Records from a data source
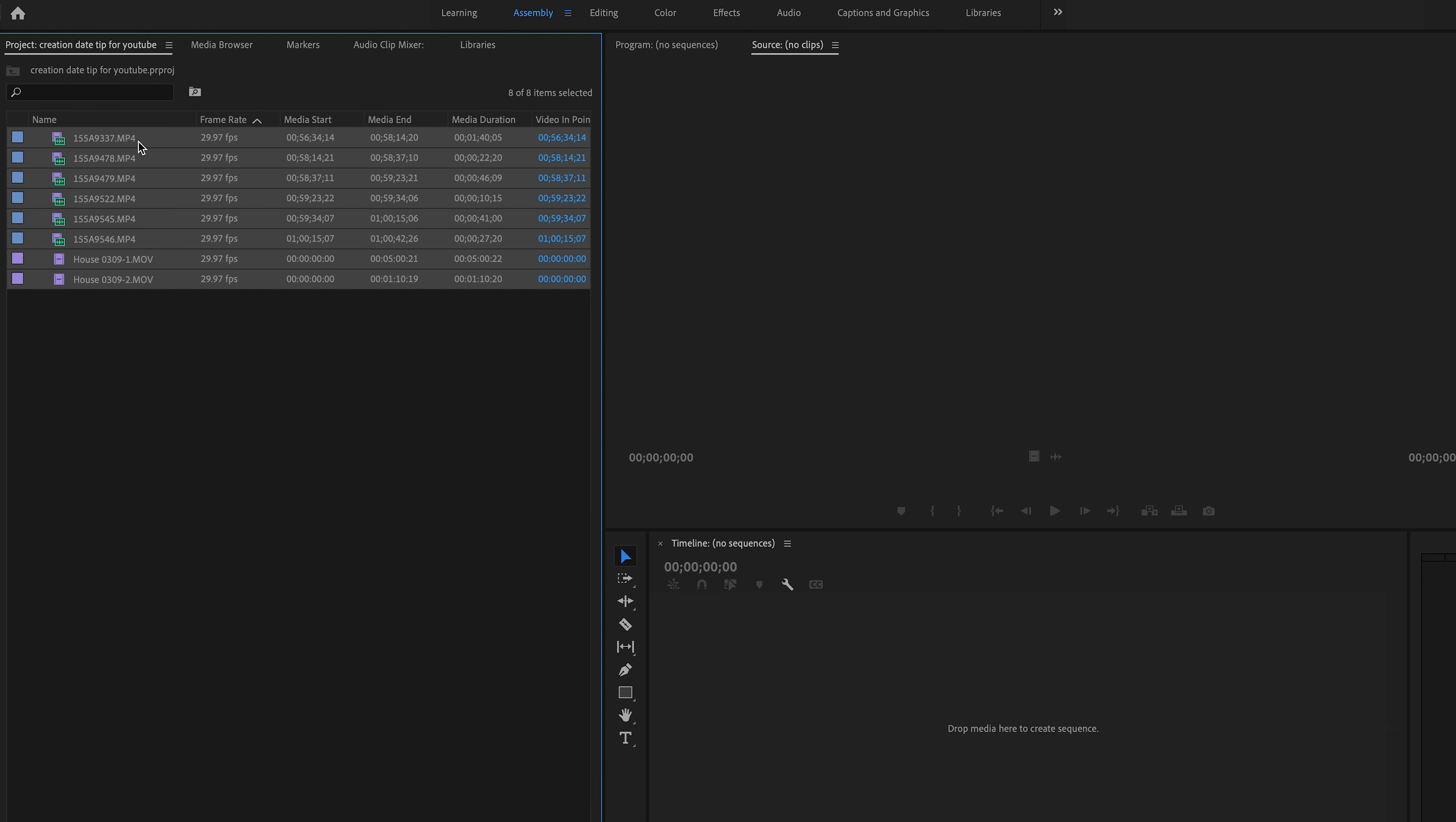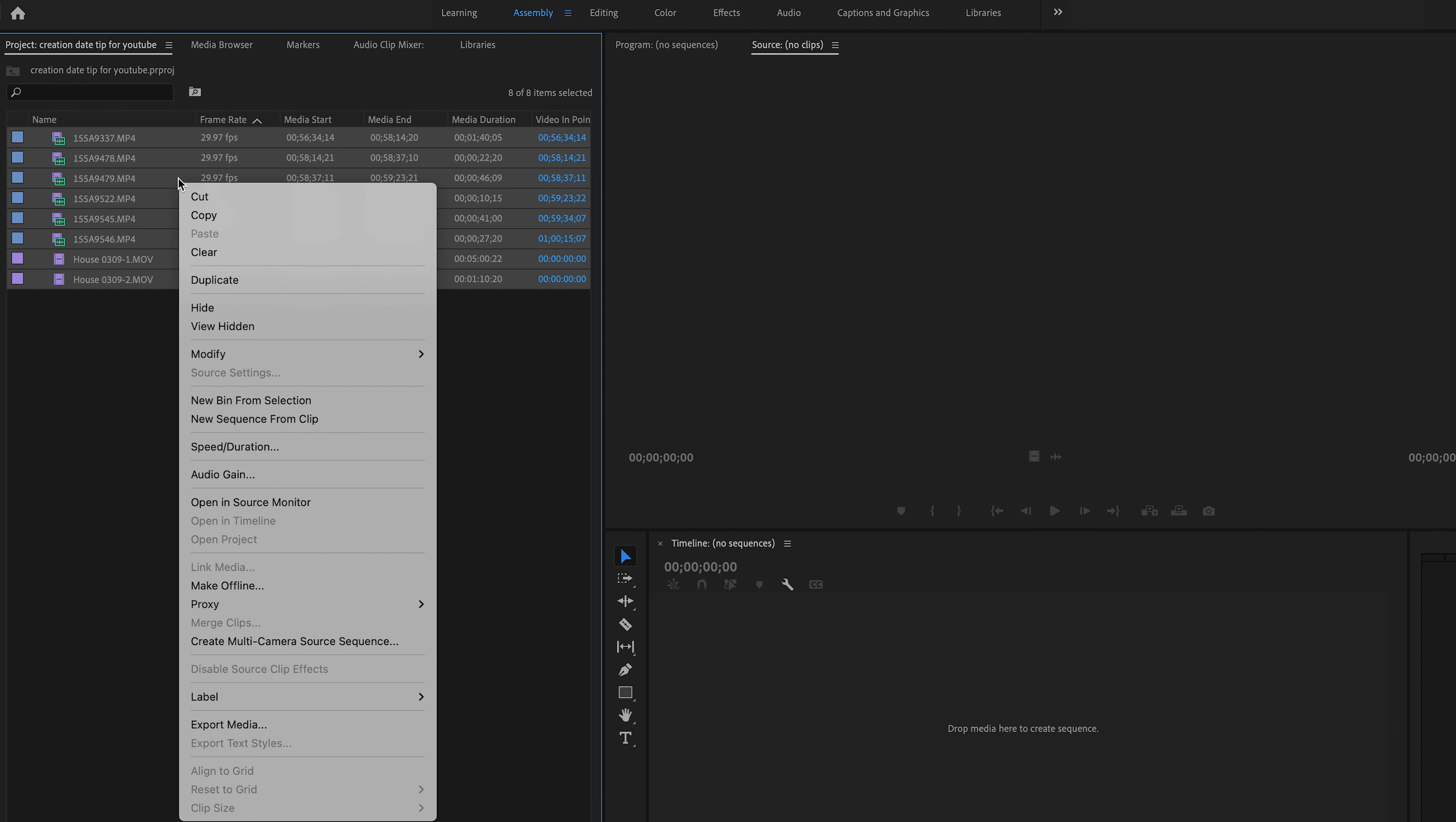You can see here various files not in date-time order. You would think you could just right-click here and find sort by date-time, but the answer is no, you can't. In true Adobe fashion, it is not straightforward.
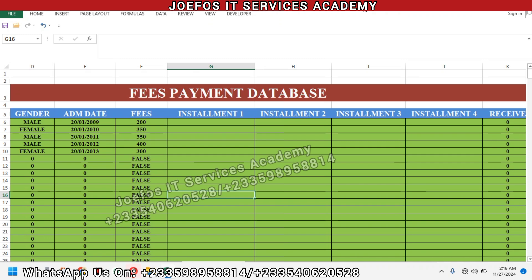Hello and welcome to lesson 57 in the creation of our school management system using Microsoft Excel and VBA with the Geforce City Service Academy. In lesson 56 we dealt with how to refer data from the student detail sheet into the fees payment database system, and how to insert formulas to print the fees payment receipt. In this lesson we are going to work on the admission receipt and insert the various formulas to fetch data of each student from the student detail sheet onto the official admission receipt.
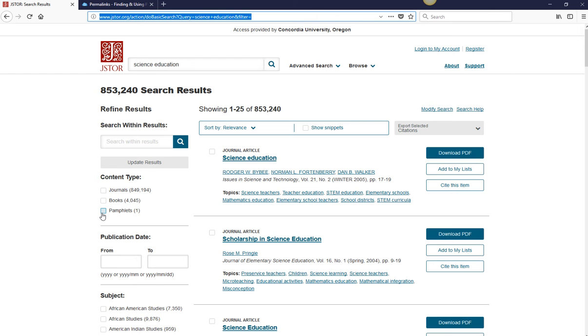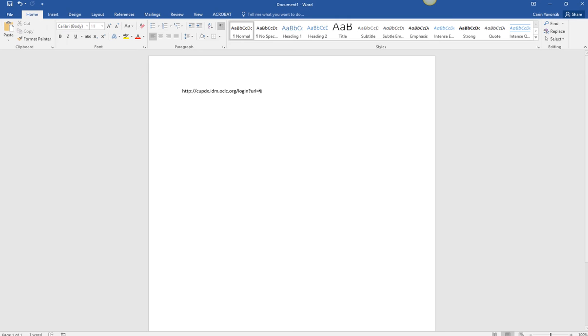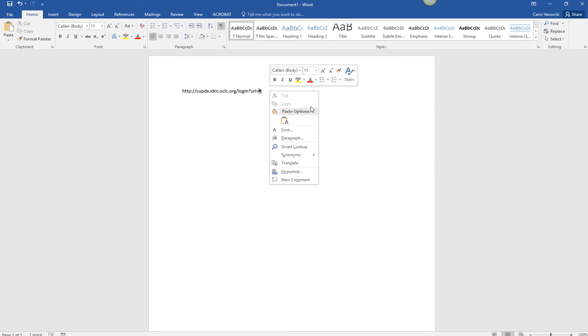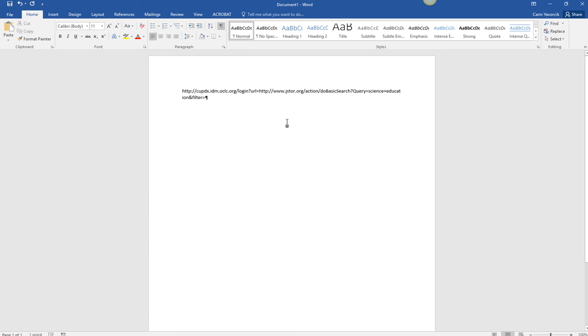If you access the article from on campus, when you paste the URL into your document, you'll need to use the Concordia University proxy prefix. You must use the proxy prefix for the link to work off campus.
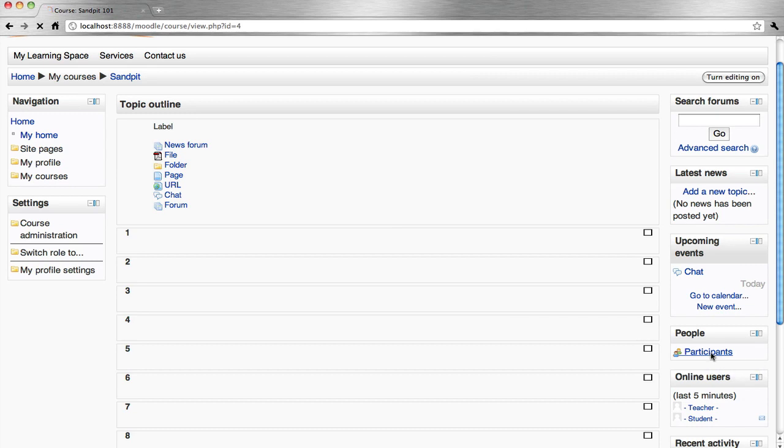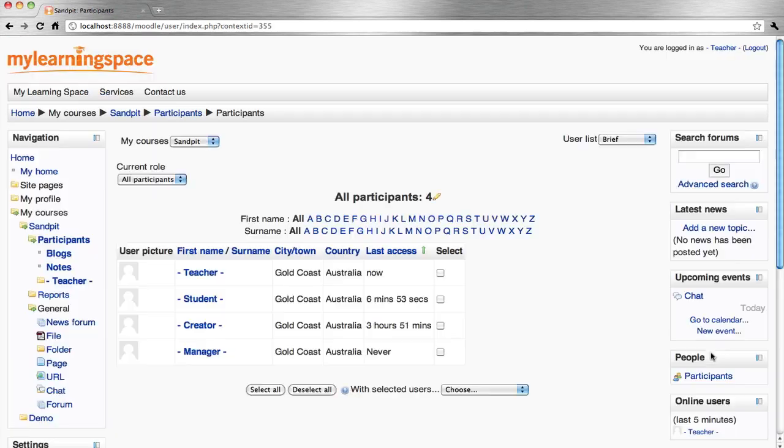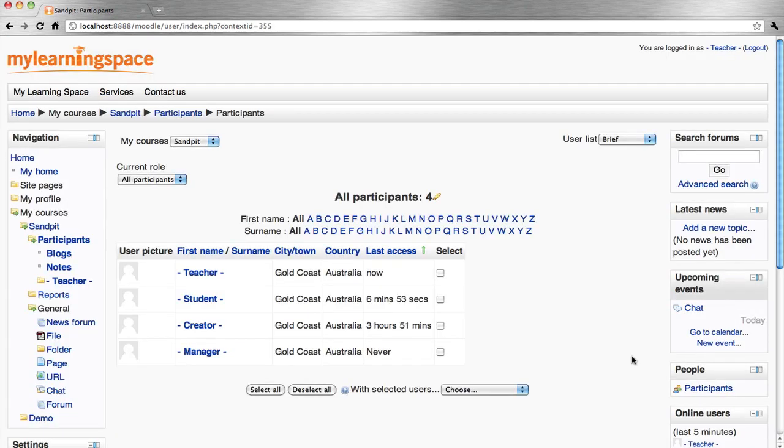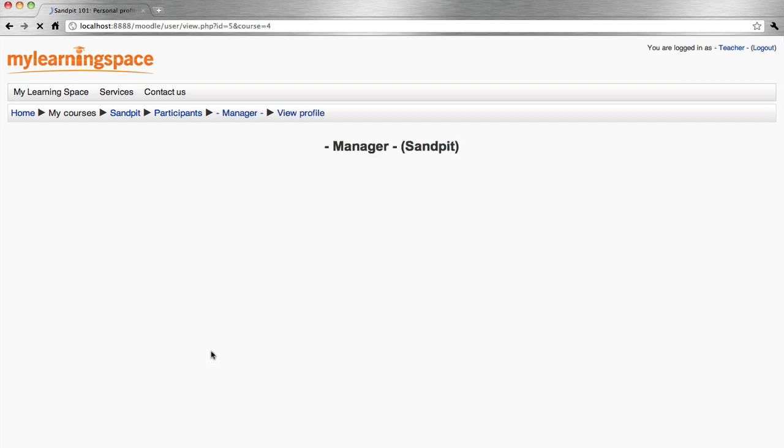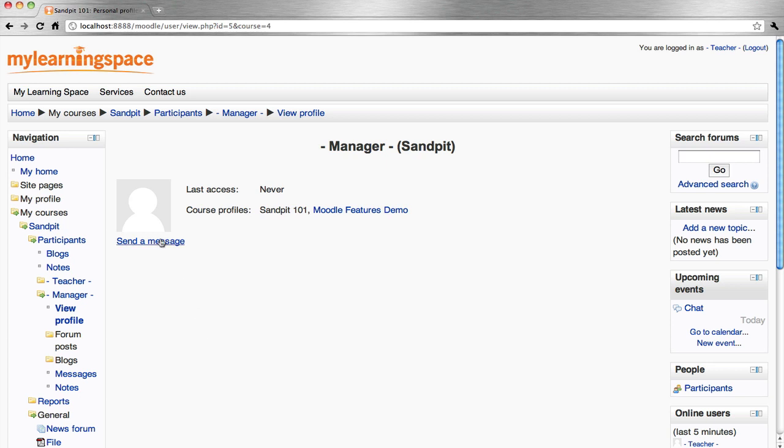Click participants. Click their name. Send a message.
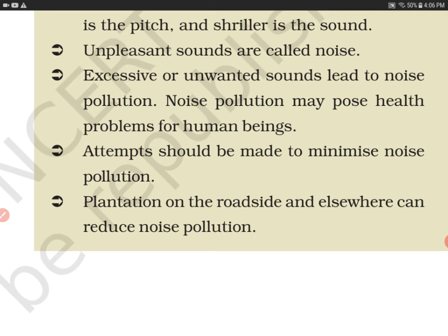We should always try to minimize noise pollution. Plantation on the roadsides and elsewhere can reduce noise pollution. When trees are planted on roadsides or in residential areas, they serve two purposes: beautification, and absorption of harmful and unwanted sounds, which helps reduce noise pollution.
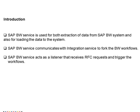For triggering the workflows SAP BW service uses integration service and then it forks the PMDTMs. SAP BW service communicates with integration service to fork the BW workflows and SAP BW service acts as a listener that receives RFC requests from SAP and triggers the workflows.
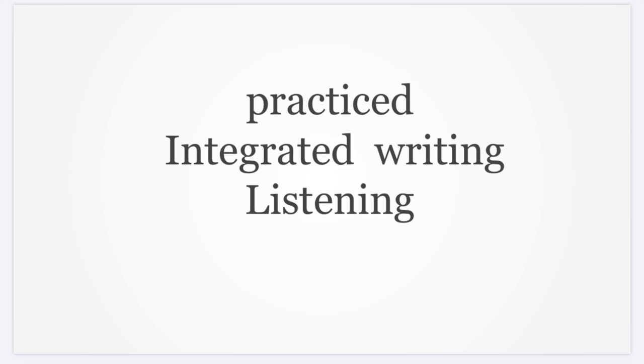Integrated writing is difficult. The reading passage was also difficult, and the listening part I have to focus on. For the integrated writing part, I used to take down a lot of notes.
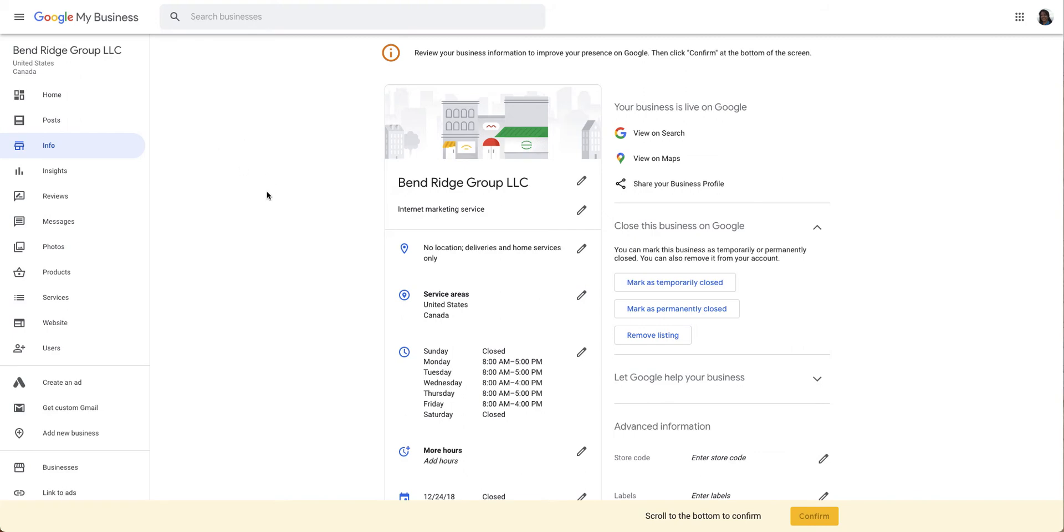Right now I'm in my business profile on the info section. You will not find a way to add Q&A in your profile itself. You actually have to go to search to access that.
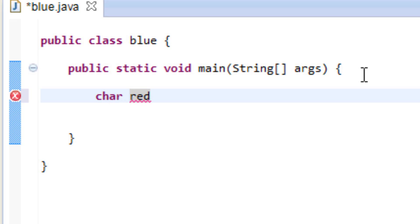Now we're going to hit space again, we're going to use the equal sign here, then we're going to hit space. Now we're going to use a set of single quotes because it's a character and end it with a semicolon over here because it's a statement.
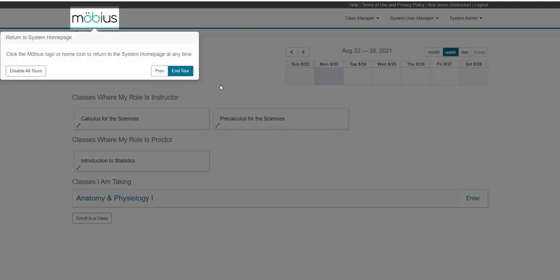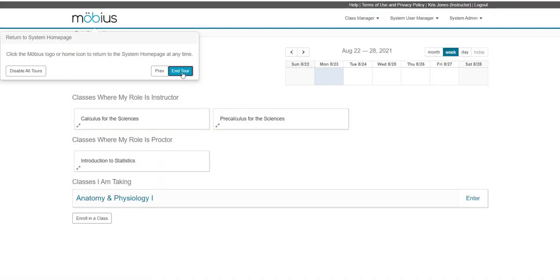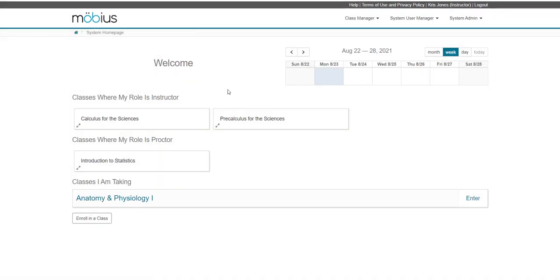Once you've reached the last pop-up message of the tour, you can click end tour. You can then continue using Mobius or navigate to one of the other pages in the platform that also has a user tour.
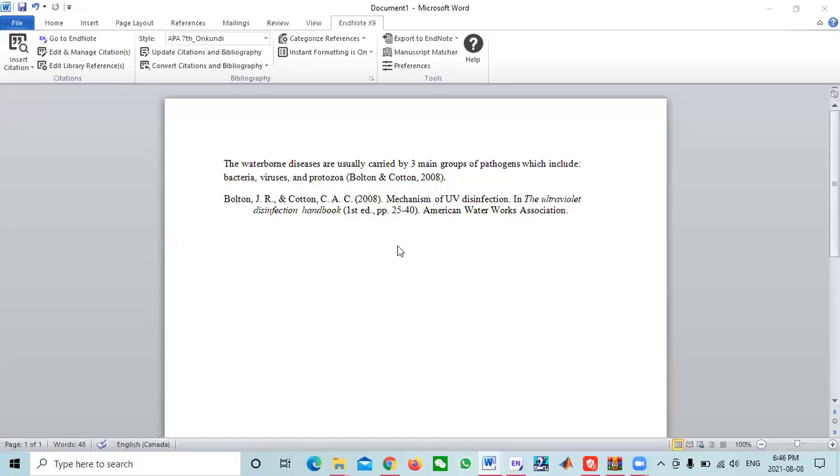Hello guys, welcome to today's tutorial. The tutorial is about using one of the features in EndNote software.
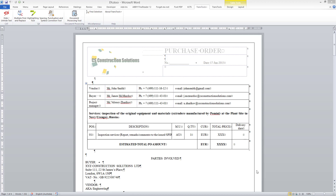Here is my sample document in Word format. It is an English document and I want to create a dual language document with English on the left side and Russian on the right side.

Problem to solve -> Excluding the pictures, retype the line containing "Hello guys, welcome" and all lines after it down to the end of the data above.

Solution for this exercise ->
Hello guys, welcome to today's tutorial. The tutorial is about using one of the features in EndNote software.
Here is my sample document in Word format. It is an English document and I want to create a dual language document with English on the left side and Russian on the right side.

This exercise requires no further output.